Ornament plays a role that is not very different from that of hypocrisy or diplomatic protocol, urbanity or precaution in social intercourse, the cosmetics or the theater of encounter. Dissolving geometric force with rhythmic or conventional patterns, alleviating the offensive bareness of surfaces with textures and tremors, and illuminating the rigorist grisaille or the expeditive white with a chromatic tempest, architecture conceals its rough frankness, softens its rotund profile with a carnival dress, and finds in the gift of inebriation the kind tolerance with the truth of the other. This transit from a demanding Apollo to an exalted Dionysus is a risky path, forcing the architect to sin against reductive taste and to break the rules of stylistic anorexia; but it is also a road to sensory freedom which allows to move from intelligence to emotion, from abstract order to figurative fascination, from Doric modernity to Corinthian postmodernity.

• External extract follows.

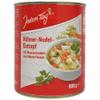 Jeden Tag Chicken Noodle Soup with Shell Pasta and Chicken, 6-Pack (6 x 800 g Cans) + usy Block view 2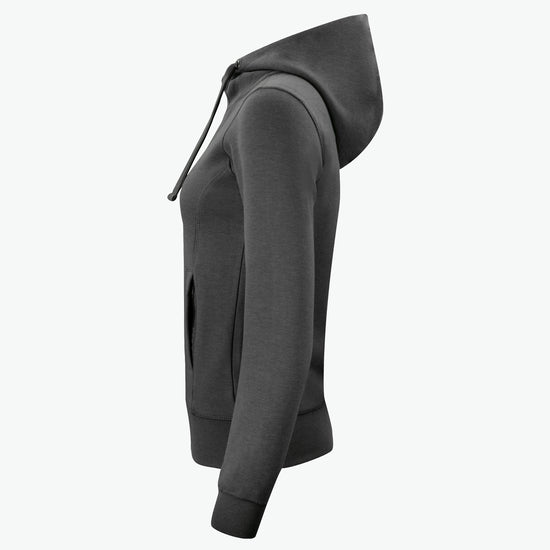 Clique Classic Hoody Full Zip Women - Antraciet Melange Hoodie Women Clique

It will be said that ornament is accessory, and this cannot be denied; but in the libidinal economy nothing is more essential than the superfluous. It will be said that ornament is superficial, and again this will have to be admitted; but in the geography of seduction nothing is deeper than the skin. And it will be said that ornament is ephemeral, and one more time this will need to be acknowledged; but in the history of perception nothing lasts longer than fleeting motifs, tenacious inhabitants of circular time. The ‘degenerate architecture’ of ornament needs not apologize for its guilty beauty; that entartete Bau is not a crime, but a disorder: a figure embarrassedly attired for minimalist moderation, but ‘dressed to kill’ in a feminine way, combining suggestiveness and attraction; on the opposite end to the masculine dressed to kill, unfortunately too literal in those expeditionary troops to the Gulf that these days colonize screens and gazes, and before which our mild ornamental disorders fade away.